Indian state-owned Oil & Natural Gas Corporation may form a venture with AFK Sistema, billionaire Vladimir Yevtushenkov’s holding company, to manage their assets, an Indian government official said.
The venture may also invest in oil and gas areas in Russia, S. Sundareshan, India’s oil secretary, said after a press briefing in Singapore on Friday.
India’s government plans to sell a stake in ONGC, the country’s biggest energy exploration company, through a share offer by March. The Indian company spent $2.2 billion in 2009 to buy Imperial Energy, which has fields in Siberia. Sistema has built Russia’s fastest-growing oil business in the past two years, buying control of Bashneft, regional refineries and 49 percent of Russneft.
The Indian government’s sale of a 5 percent stake in ONGC may raise as much as $4 billion, Sundareshan said.

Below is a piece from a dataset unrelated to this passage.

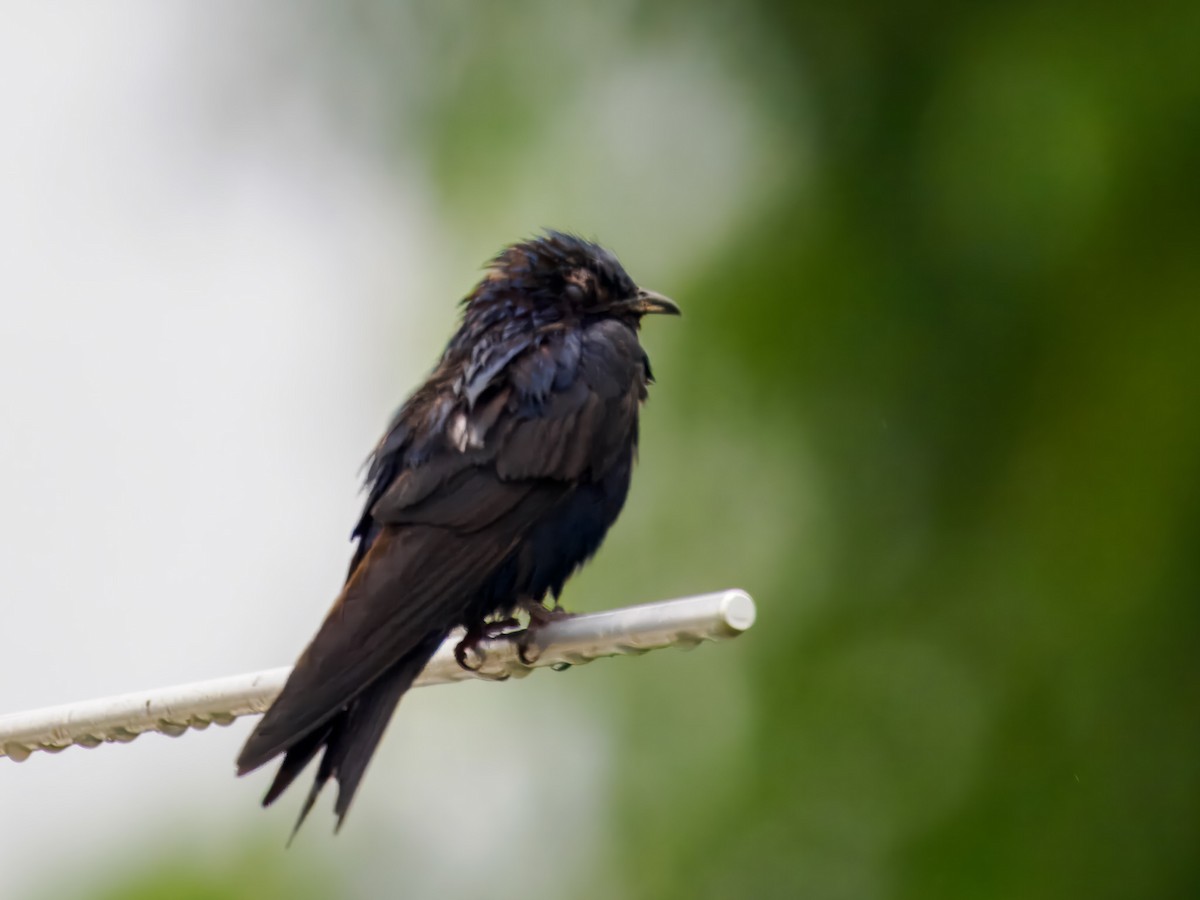 Purple Martin - ML639058890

Sistema and ONGC agreed to study “a potential transaction” involving their Russian oil units, the Moscow-based company said Dec. 21 in an e-mailed statement. The Indian company’s overseas investment arm, ONGC Videsh, also holds 20 percent of the Exxon Mobil-led Sakhalin-1 project.
Discussions on a potential venture are continuing, a spokesman for Sistema, who declined to be identified in accordance with company policy, said by e-mail Friday. ONGC’s corporate communications department did not immediately respond to an e-mail seeking comment.
In December, Bashneft won the rights to develop what were the country’s biggest undistributed oil fields, Trebs and Titov in the Arctic, which may add 70 percent to its reserves. ONGC failed to qualify to bid for the areas.
Bashneft produced 290,000 barrels a day in November, while Russneft pumped 270,000 barrels a day, according to the Energy Ministry.